* **EXERCISE**
Set down the data below in full and exactly, minus the pictures.

* **SOURCE DATA**
************

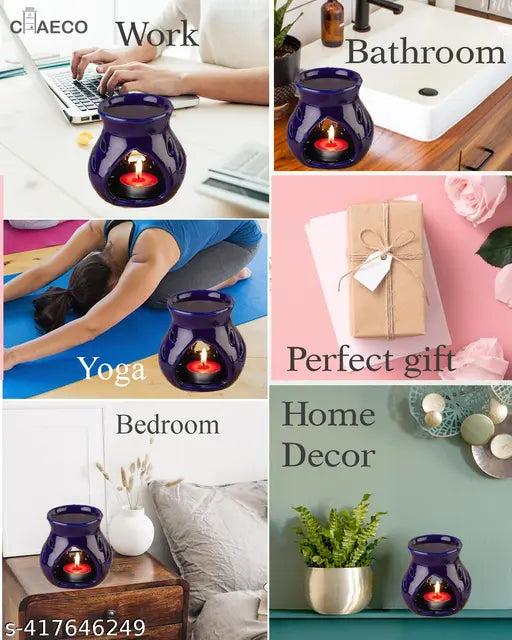 CHEECO Oil Burner Candle Diffuser for Home Fragrance, with 1 T-Light & 2 10 ml Aroma Oil-Fragrance Lemon Grass & Lavender (Blue Diffuser Pot)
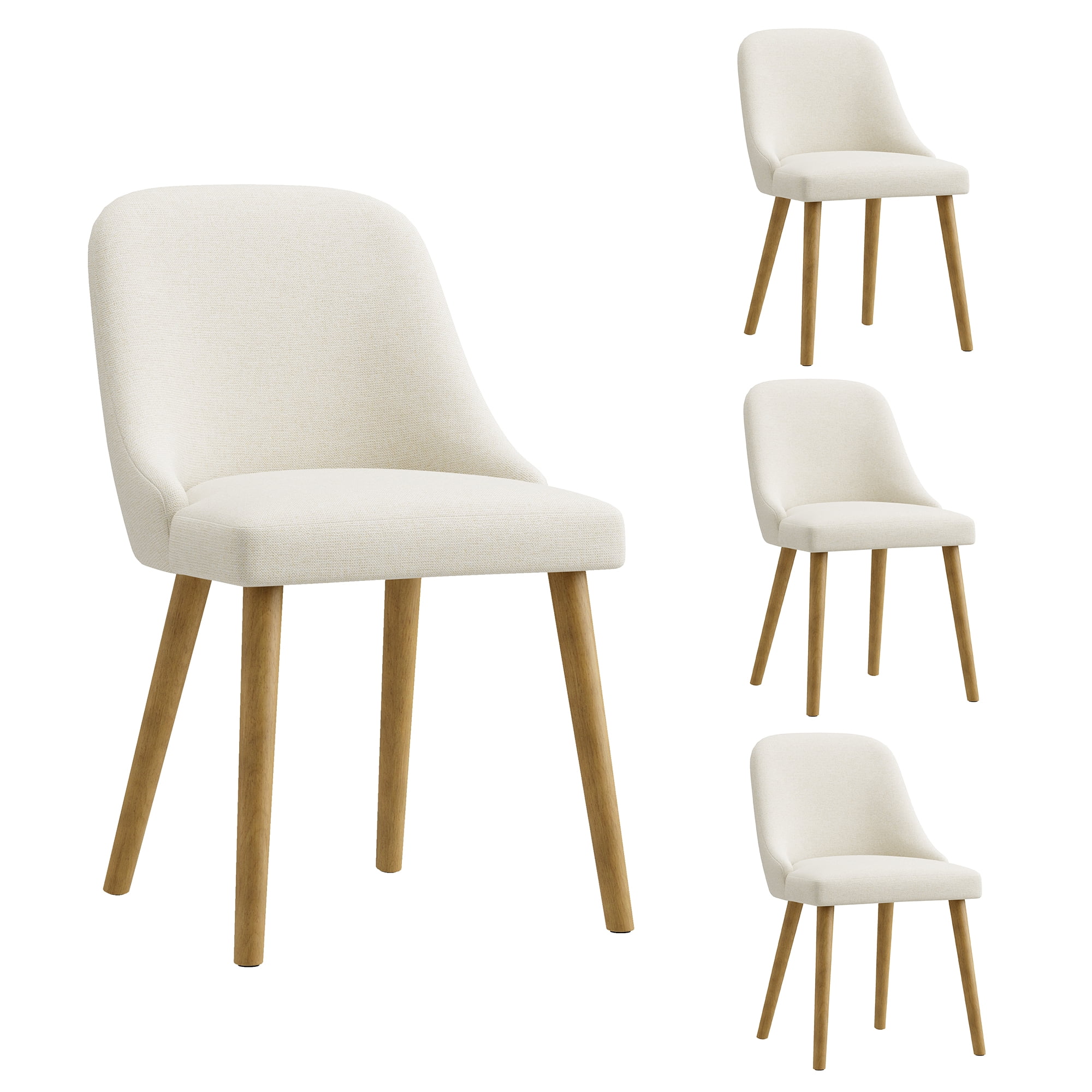 EOP Upholstered Dining Chairs Set of 4, Modern Side Chairs with Solid ...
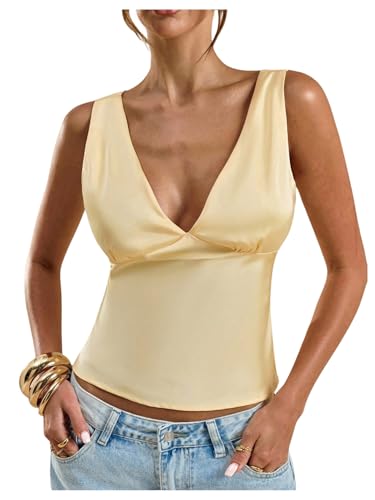 SOLY HUX Women's Satin Tank Tops V Neck Sleeveless Tie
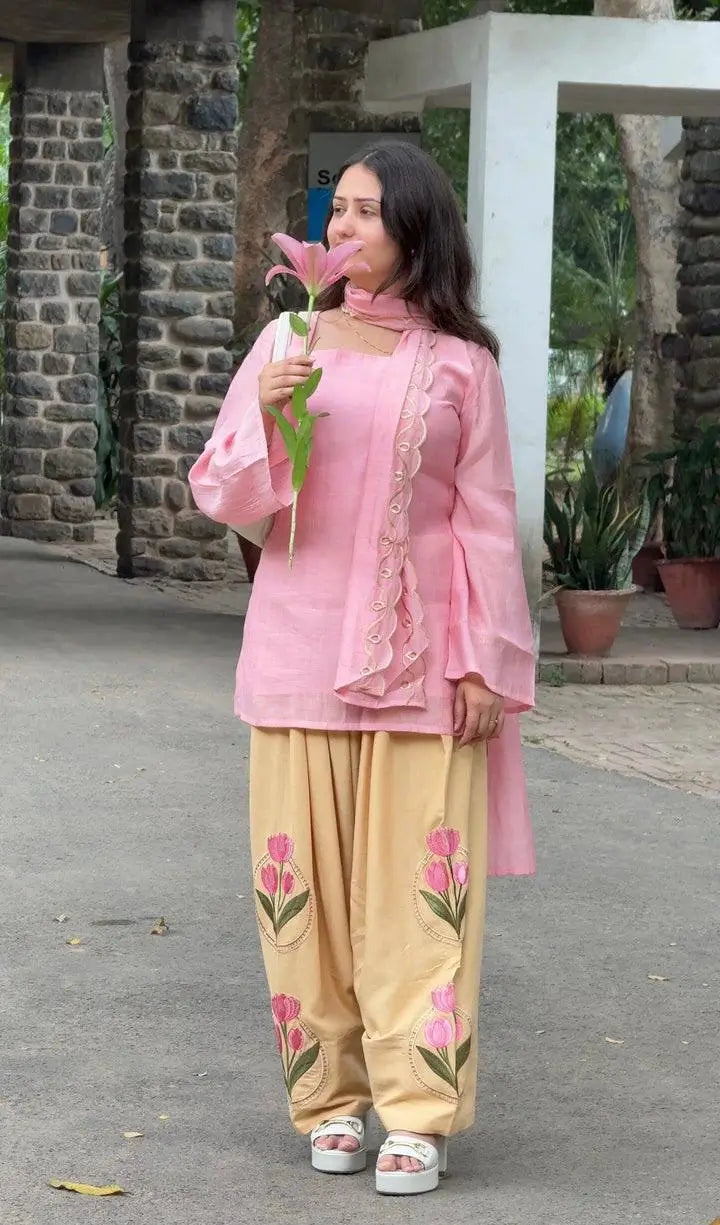 Ivory Sunflower Farshi Suit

************

* **SOLVED PROBLEM**
 CHEECO Oil Burner Candle Diffuser for Home Fragrance, with 1 T-Light & 2 10 ml Aroma Oil-Fragrance Lemon Grass & Lavender (Blue Diffuser Pot)
 EOP Upholstered Dining Chairs Set of 4, Modern Side Chairs with Solid ...
 SOLY HUX Women's Satin Tank Tops V Neck Sleeveless Tie
 Ivory Sunflower Farshi Suit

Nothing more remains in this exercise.